### Dataset extract
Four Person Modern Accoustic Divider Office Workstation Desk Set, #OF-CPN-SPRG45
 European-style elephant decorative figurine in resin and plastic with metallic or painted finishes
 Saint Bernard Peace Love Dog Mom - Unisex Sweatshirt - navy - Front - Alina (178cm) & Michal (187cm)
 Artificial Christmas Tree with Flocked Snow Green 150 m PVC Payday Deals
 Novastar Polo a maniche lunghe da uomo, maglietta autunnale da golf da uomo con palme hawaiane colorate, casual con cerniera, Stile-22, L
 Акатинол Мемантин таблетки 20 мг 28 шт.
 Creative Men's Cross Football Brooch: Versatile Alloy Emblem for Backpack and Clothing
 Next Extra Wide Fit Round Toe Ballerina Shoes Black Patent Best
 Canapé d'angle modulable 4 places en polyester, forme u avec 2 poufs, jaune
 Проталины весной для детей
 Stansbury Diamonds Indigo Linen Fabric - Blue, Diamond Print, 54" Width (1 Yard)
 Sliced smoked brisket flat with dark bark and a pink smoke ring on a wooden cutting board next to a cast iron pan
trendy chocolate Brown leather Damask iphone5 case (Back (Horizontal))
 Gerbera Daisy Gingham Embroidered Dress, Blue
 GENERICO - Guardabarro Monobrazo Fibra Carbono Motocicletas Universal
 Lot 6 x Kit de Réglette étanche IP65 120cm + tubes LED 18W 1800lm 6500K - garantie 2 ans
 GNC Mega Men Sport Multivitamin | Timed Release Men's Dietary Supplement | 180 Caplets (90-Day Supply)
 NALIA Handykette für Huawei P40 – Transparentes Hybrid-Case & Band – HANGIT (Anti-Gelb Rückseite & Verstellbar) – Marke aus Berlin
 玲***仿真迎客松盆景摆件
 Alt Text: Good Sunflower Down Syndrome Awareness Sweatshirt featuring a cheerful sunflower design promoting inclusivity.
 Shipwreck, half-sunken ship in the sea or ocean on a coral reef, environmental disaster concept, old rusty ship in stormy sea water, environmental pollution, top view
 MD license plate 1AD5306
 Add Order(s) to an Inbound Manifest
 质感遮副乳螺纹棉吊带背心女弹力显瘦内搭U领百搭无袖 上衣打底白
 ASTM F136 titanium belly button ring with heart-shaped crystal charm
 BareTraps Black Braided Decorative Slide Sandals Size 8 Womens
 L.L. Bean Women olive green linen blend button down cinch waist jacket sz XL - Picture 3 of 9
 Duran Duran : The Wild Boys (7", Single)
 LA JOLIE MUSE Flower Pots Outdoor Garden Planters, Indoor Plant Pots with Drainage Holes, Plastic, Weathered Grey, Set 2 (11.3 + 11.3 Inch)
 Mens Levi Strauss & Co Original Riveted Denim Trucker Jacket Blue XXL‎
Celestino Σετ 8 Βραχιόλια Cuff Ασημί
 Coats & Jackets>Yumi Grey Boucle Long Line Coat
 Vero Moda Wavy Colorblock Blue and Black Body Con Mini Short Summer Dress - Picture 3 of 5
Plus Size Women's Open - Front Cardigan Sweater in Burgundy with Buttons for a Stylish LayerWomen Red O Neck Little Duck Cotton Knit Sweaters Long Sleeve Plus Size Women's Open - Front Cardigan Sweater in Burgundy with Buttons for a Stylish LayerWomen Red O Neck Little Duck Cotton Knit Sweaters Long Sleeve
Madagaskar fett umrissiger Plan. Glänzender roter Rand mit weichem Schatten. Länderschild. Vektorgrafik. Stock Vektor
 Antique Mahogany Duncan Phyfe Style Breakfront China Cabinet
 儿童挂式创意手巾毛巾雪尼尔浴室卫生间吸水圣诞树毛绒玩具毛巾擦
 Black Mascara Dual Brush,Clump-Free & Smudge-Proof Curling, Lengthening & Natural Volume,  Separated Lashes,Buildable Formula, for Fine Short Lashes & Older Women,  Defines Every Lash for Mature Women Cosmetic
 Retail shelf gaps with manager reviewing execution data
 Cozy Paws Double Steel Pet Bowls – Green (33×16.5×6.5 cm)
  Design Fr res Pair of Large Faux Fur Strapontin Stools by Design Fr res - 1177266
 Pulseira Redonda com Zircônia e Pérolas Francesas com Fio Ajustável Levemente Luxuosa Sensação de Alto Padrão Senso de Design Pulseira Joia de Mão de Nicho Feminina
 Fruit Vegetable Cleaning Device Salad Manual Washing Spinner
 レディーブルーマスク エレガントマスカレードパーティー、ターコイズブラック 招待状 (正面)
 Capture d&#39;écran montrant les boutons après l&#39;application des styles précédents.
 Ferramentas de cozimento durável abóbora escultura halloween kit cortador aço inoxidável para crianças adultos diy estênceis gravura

### Work to complete
Above are some records. Print them all exactly.

### Response to this task
Four Person Modern Accoustic Divider Office Workstation Desk Set, #OF-CPN-SPRG45
 European-style elephant decorative figurine in resin and plastic with metallic or painted finishes
 Saint Bernard Peace Love Dog Mom - Unisex Sweatshirt - navy - Front - Alina (178cm) & Michal (187cm)
 Artificial Christmas Tree with Flocked Snow Green 150 m PVC Payday Deals
 Novastar Polo a maniche lunghe da uomo, maglietta autunnale da golf da uomo con palme hawaiane colorate, casual con cerniera, Stile-22, L
 Акатинол Мемантин таблетки 20 мг 28 шт.
 Creative Men's Cross Football Brooch: Versatile Alloy Emblem for Backpack and Clothing
 Next Extra Wide Fit Round Toe Ballerina Shoes Black Patent Best
 Canapé d'angle modulable 4 places en polyester, forme u avec 2 poufs, jaune
 Проталины весной для детей
 Stansbury Diamonds Indigo Linen Fabric - Blue, Diamond Print, 54" Width (1 Yard)
 Sliced smoked brisket flat with dark bark and a pink smoke ring on a wooden cutting board next to a cast iron pan
trendy chocolate Brown leather Damask iphone5 case (Back (Horizontal))
 Gerbera Daisy Gingham Embroidered Dress, Blue
 GENERICO - Guardabarro Monobrazo Fibra Carbono Motocicletas Universal
 Lot 6 x Kit de Réglette étanche IP65 120cm + tubes LED 18W 1800lm 6500K - garantie 2 ans
 GNC Mega Men Sport Multivitamin | Timed Release Men's Dietary Supplement | 180 Caplets (90-Day Supply)
 NALIA Handykette für Huawei P40 – Transparentes Hybrid-Case & Band – HANGIT (Anti-Gelb Rückseite & Verstellbar) – Marke aus Berlin
 玲***仿真迎客松盆景摆件
 Alt Text: Good Sunflower Down Syndrome Awareness Sweatshirt featuring a cheerful sunflower design promoting inclusivity.
 Shipwreck, half-sunken ship in the sea or ocean on a coral reef, environmental disaster concept, old rusty ship in stormy sea water, environmental pollution, top view
 MD license plate 1AD5306
 Add Order(s) to an Inbound Manifest
 质感遮副乳螺纹棉吊带背心女弹力显瘦内搭U领百搭无袖 上衣打底白
 ASTM F136 titanium belly button ring with heart-shaped crystal charm
 BareTraps Black Braided Decorative Slide Sandals Size 8 Womens
 L.L. Bean Women olive green linen blend button down cinch waist jacket sz XL - Picture 3 of 9
 Duran Duran : The Wild Boys (7", Single)
 LA JOLIE MUSE Flower Pots Outdoor Garden Planters, Indoor Plant Pots with Drainage Holes, Plastic, Weathered Grey, Set 2 (11.3 + 11.3 Inch)
 Mens Levi Strauss & Co Original Riveted Denim Trucker Jacket Blue XXL‎
Celestino Σετ 8 Βραχιόλια Cuff Ασημί
 Coats & Jackets>Yumi Grey Boucle Long Line Coat
 Vero Moda Wavy Colorblock Blue and Black Body Con Mini Short Summer Dress - Picture 3 of 5
Plus Size Women's Open - Front Cardigan Sweater in Burgundy with Buttons for a Stylish LayerWomen Red O Neck Little Duck Cotton Knit Sweaters Long Sleeve Plus Size Women's Open - Front Cardigan Sweater in Burgundy with Buttons for a Stylish LayerWomen Red O Neck Little Duck Cotton Knit Sweaters Long Sleeve
Madagaskar fett umrissiger Plan. Glänzender roter Rand mit weichem Schatten. Länderschild. Vektorgrafik. Stock Vektor
 Antique Mahogany Duncan Phyfe Style Breakfront China Cabinet
 儿童挂式创意手巾毛巾雪尼尔浴室卫生间吸水圣诞树毛绒玩具毛巾擦
 Black Mascara Dual Brush,Clump-Free & Smudge-Proof Curling, Lengthening & Natural Volume,  Separated Lashes,Buildable Formula, for Fine Short Lashes & Older Women,  Defines Every Lash for Mature Women Cosmetic
 Retail shelf gaps with manager reviewing execution data
 Cozy Paws Double Steel Pet Bowls – Green (33×16.5×6.5 cm)
  Design Fr res Pair of Large Faux Fur Strapontin Stools by Design Fr res - 1177266
 Pulseira Redonda com Zircônia e Pérolas Francesas com Fio Ajustável Levemente Luxuosa Sensação de Alto Padrão Senso de Design Pulseira Joia de Mão de Nicho Feminina
 Fruit Vegetable Cleaning Device Salad Manual Washing Spinner
 レディーブルーマスク エレガントマスカレードパーティー、ターコイズブラック 招待状 (正面)
 Capture d&#39;écran montrant les boutons après l&#39;application des styles précédents.
 Ferramentas de cozimento durável abóbora escultura halloween kit cortador aço inoxidável para crianças adultos diy estênceis gravura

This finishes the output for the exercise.